On Thu Jun 9, 2022 at 11:57 AM EDT, David G. Johnston wrote:
> Reposting this to its own thread.
>
> https://www.postgresql.org/message-id/flat/CAKFQuwby1aMsJDMeibaBaohgoaZhivAo4WcqHC1%3D9-GDZ3TSng%40mail.gmail.com
>
> doc: make unique non-null join selectivity example match the prose
>
> The description of the computation for the unique, non-null,
> join selectivity describes a division by the maximum of two values,
> while the example shows a multiplication by their reciprocal. While
> equivalent the max phrasing is easier to understand; which seems
> more important here than precisely adhering to the formula used
> in the code (for which either variant is still an approximation).
>
> While both num_distinct and num_rows are equal for a unique column
> both the concept and formula use row count (10,000) and the
> field num_distinct has already been set to mean the specific value
> present in the pg_stats table (i.e, -1), so use num_rows here.
Pointing out that n_distinct = -1 is helpful but changing "because" to
"and" suggests that the missing MCV info is coincidental or a side
effect. Is there any case in which the stronger "because" wouldn't be
appropriate?
The second parenthetical (num_rows, not shown, but "tenk") took me a
minute to get since the row counts are only apparent on looking somewhat
closely at the other examples in the chapter. num_rows also isn't a
column in pg_stats which the "not shown" could be taken to imply; it's
sourced from somewhere else and only given as num_rows in this example.
How's '(as num_rowsN, 10,000 for both "tenk" example tables)'?

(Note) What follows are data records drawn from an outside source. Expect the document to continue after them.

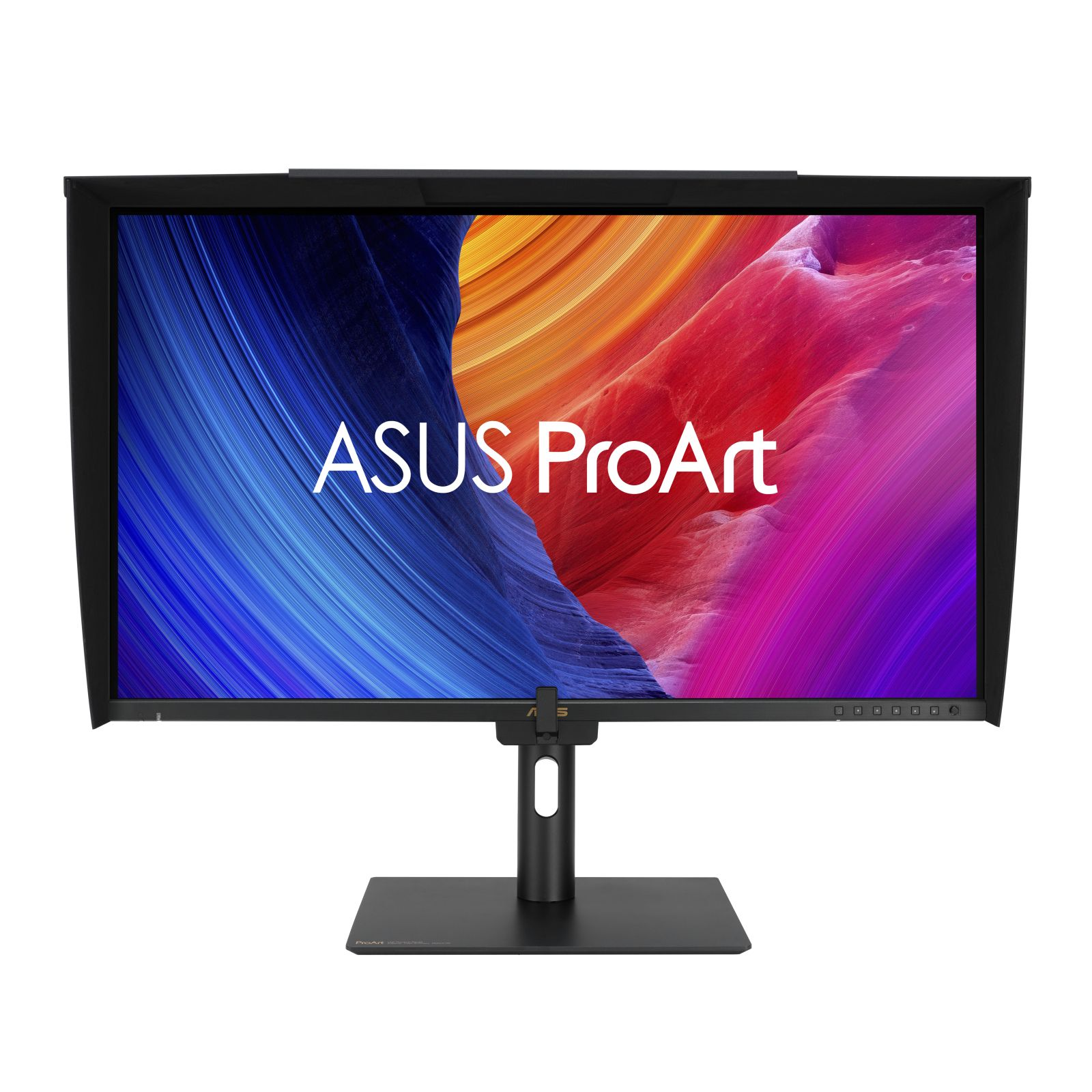 Monitor ASUS ProArt z osłoną, wyświetlający kolorowy ekran.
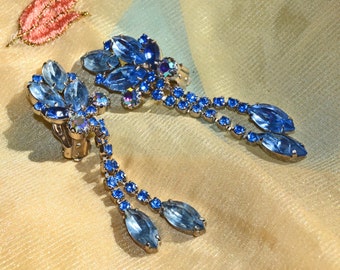 1950s Earrings Sapphire Blue and Aurora Borealis Rhinestone Vintage Dangle Earrings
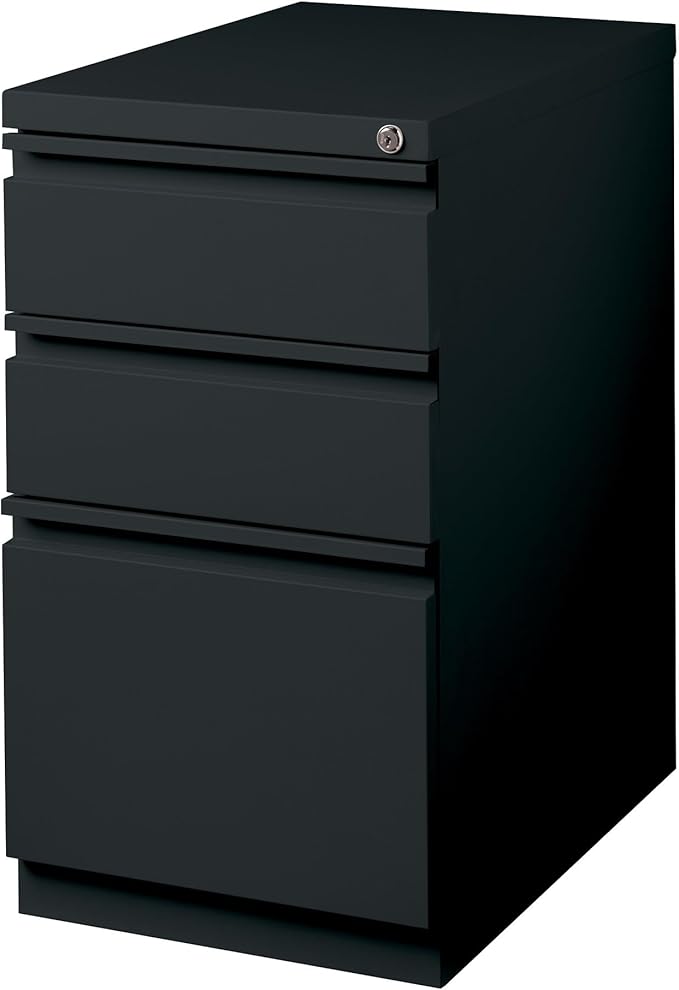 Hirsh 23-in Deep Mobile Pedestal 3-Drawer Box/Box/File. Full Width Pull. Beige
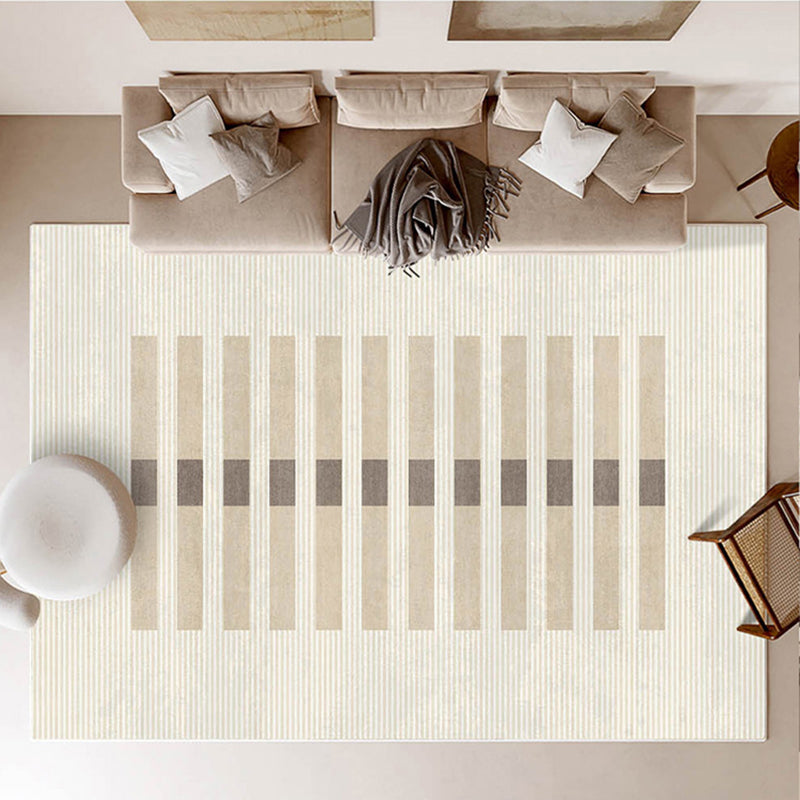 Modern Indoor Rug Stripe Print Carpet Polyester Non-Slip Backing Area Carpet for Living Room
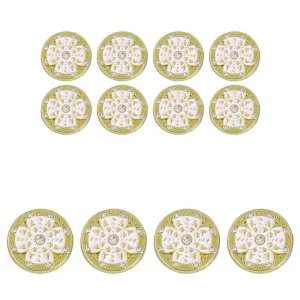 Golden Floral Metal Buttons with White Centers(8 Small   4 Big)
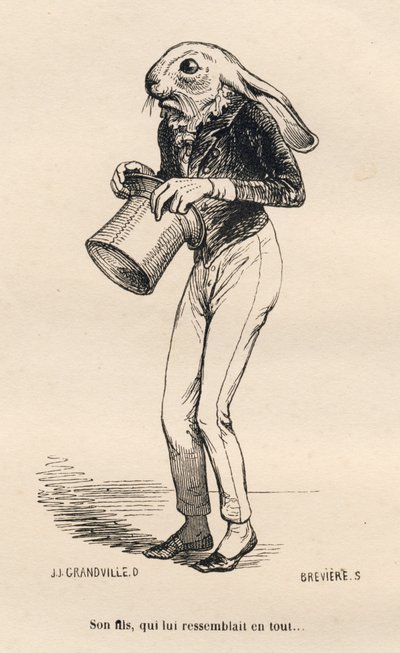 Fega Lievre i dandy kostym. Vinjetter illustrerade av JJ Granville. Gravyr signerad Breviere i delen "History of a Hare" skriven av PJ Stahl i "Scener av djurens privata och offentliga liv". Paris, J. Hetzel och Paulin av Grandville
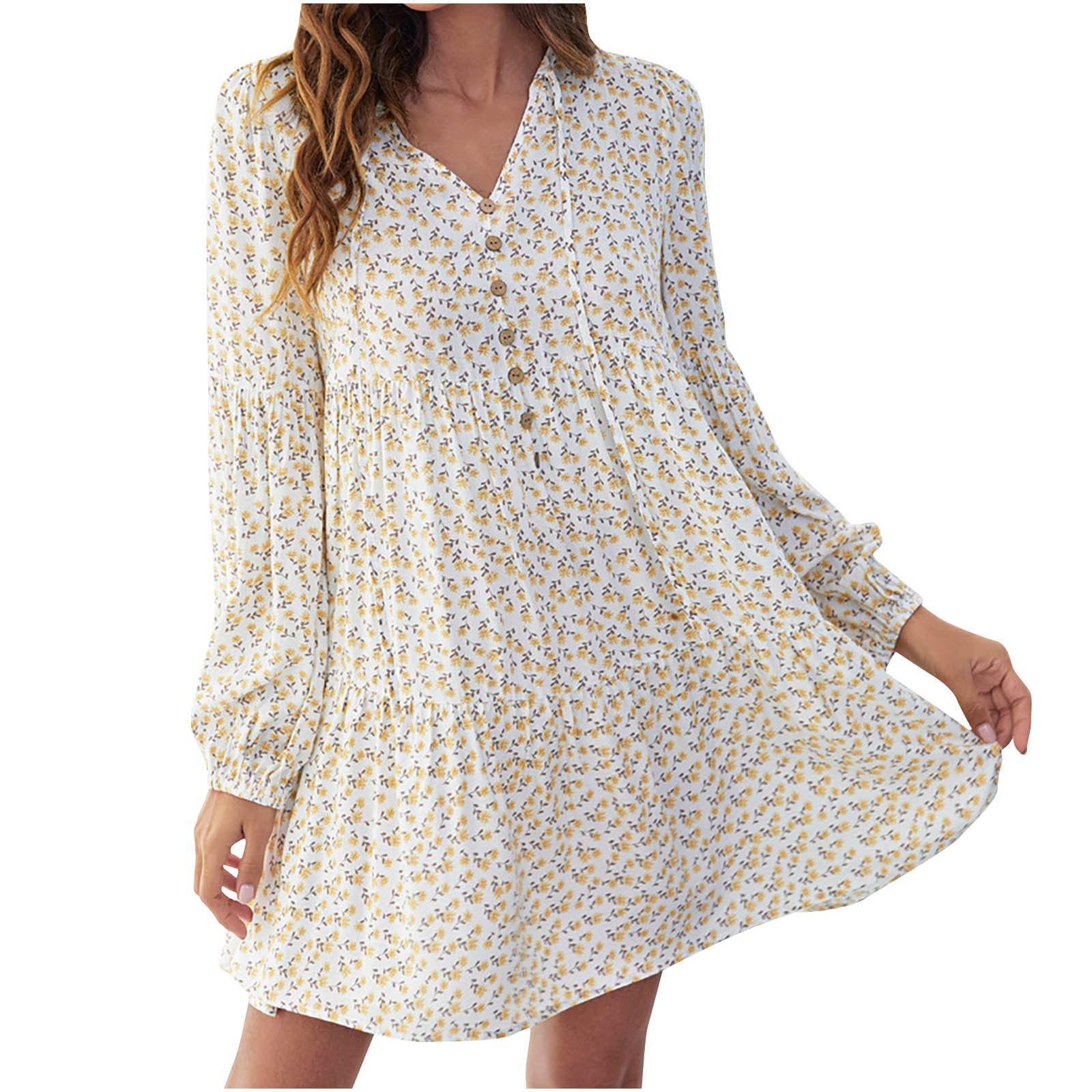 Women's Floral Print Summer Dress - Long Sleeve High Waisted Pleated Mini Dress for Casual Wear | Perfect for Beach Outings, Date Nights & Summer Vacations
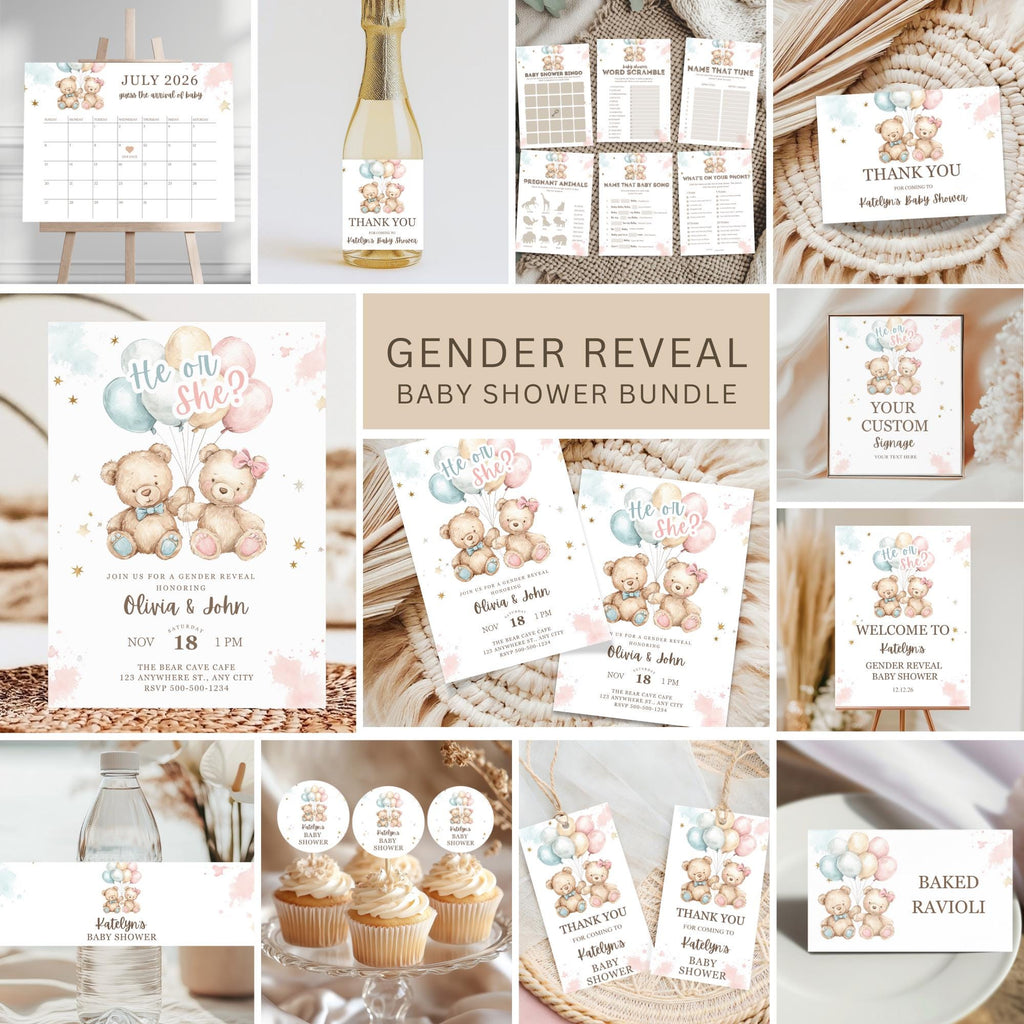 Teddy Bear Gender Reveal Party Kit Bundle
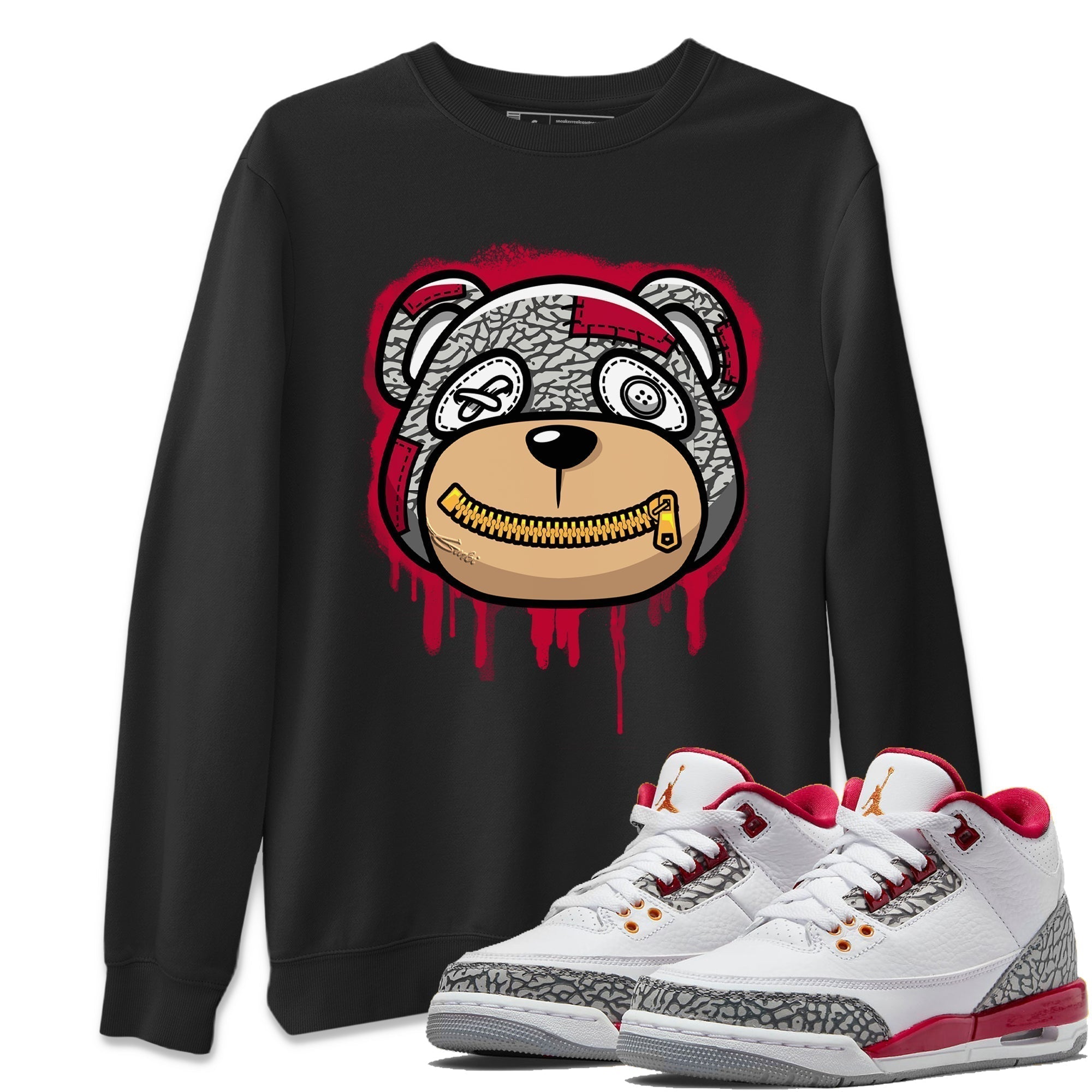 Bear Face Unisex Tops - Air Jordan 3 Cardinal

By "this value does get scaled in the non-unique case" do you mean it
relies on n_distinct as in the uncorrected algorithm listing? If so I
think it'd help to specify that.
You didn't take this line on but "This is, subtract the null
fraction..." omits the step of multiplying the complements of the null
fractions together before dividing.
Should n_distinct and num_rows be <structname>d in the text?